--- START ---
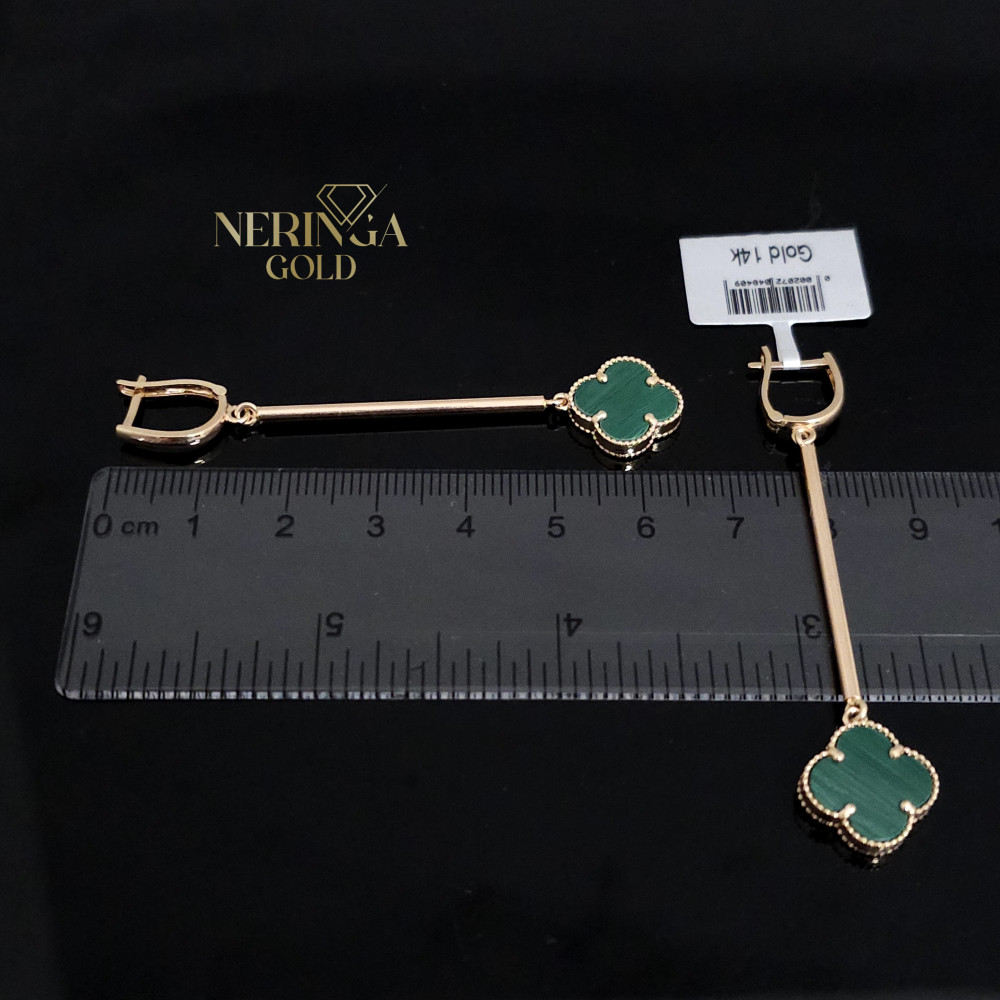 Rose gold english lock earrings #65997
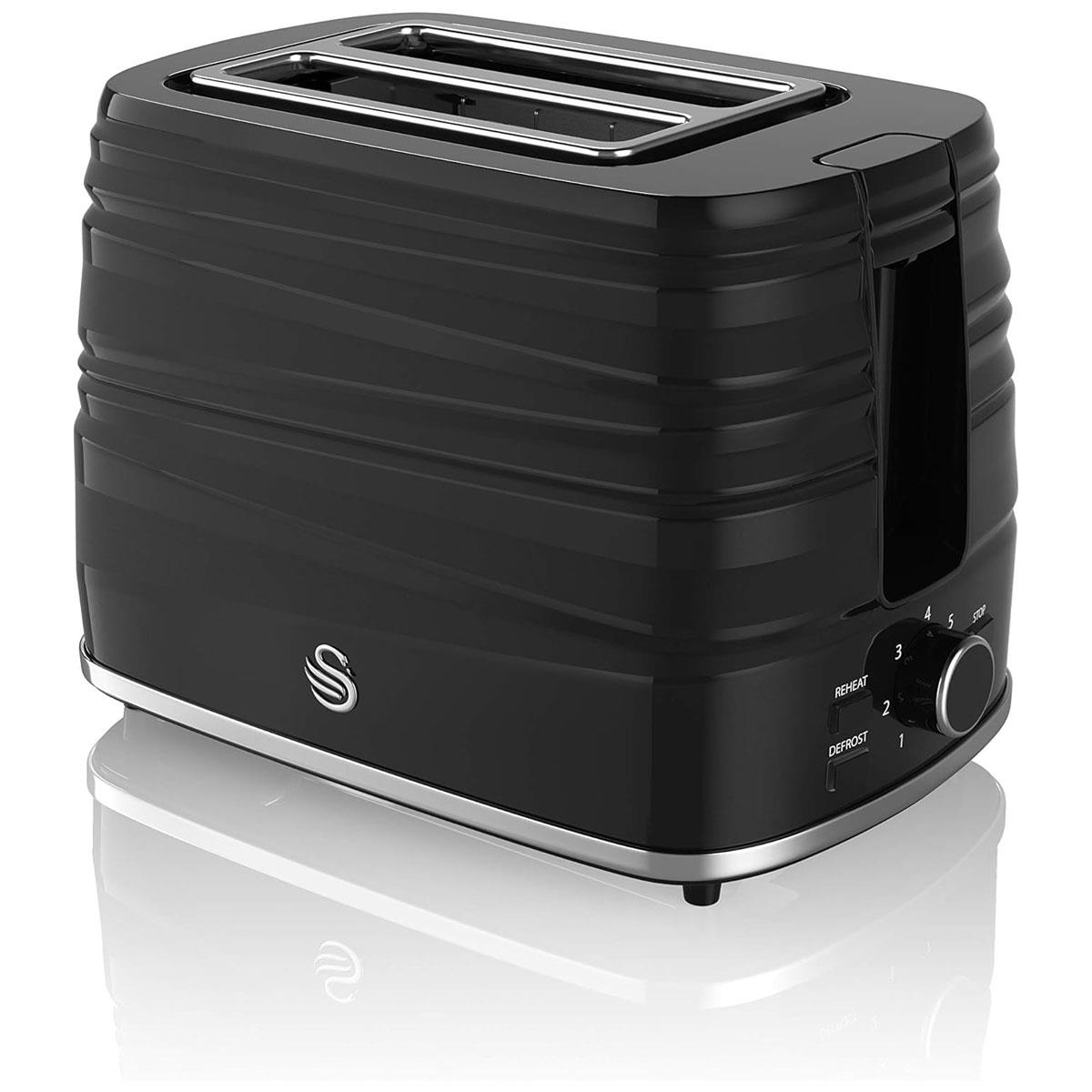 Swan Symphony 2 Slice Toaster 930W Black with 7 Browning Levels High Lift Defrost Reheat & Cancel Functions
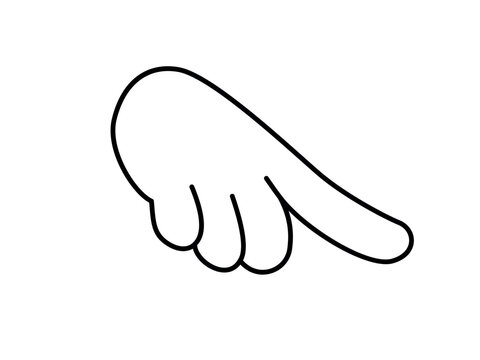 Pointing down hand finger vector. Gesture for direction, clicking below, and attention. Minimalist flat cartoon outline illustration isolated on white background. Pointer icon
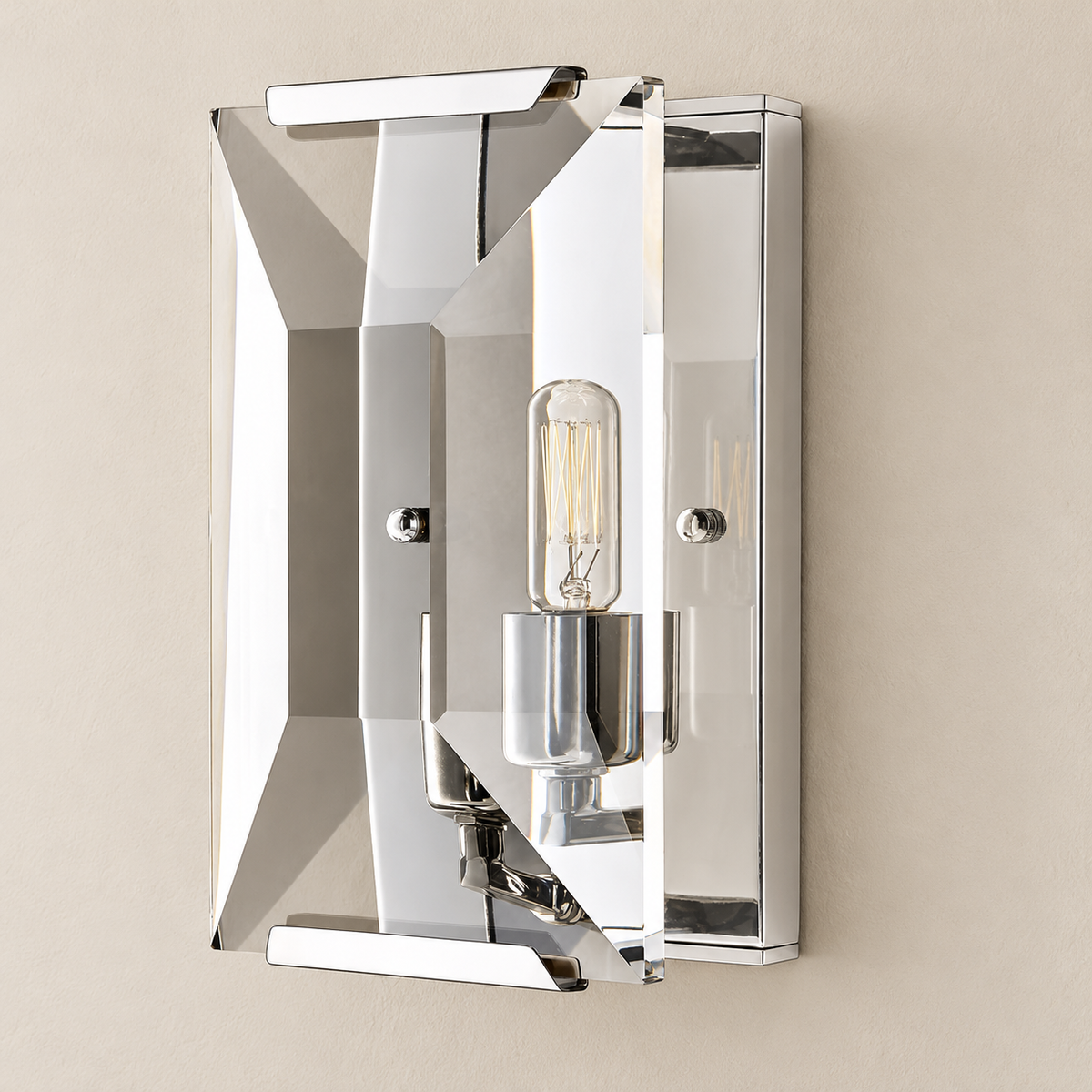Single crystal wall sconce with a silver finish, shown from an angle.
--- END ---
Exercise aim » Output the lines of the data exactly, starting at the first and ending with the line that has "Swan Symphony 2". Pictures are not part of it.

Answer below »
 Rose gold english lock earrings #65997
 Swan Symphony 2 Slice Toaster 930W Black with 7 Browning Levels High Lift Defrost Reheat & Cancel Functions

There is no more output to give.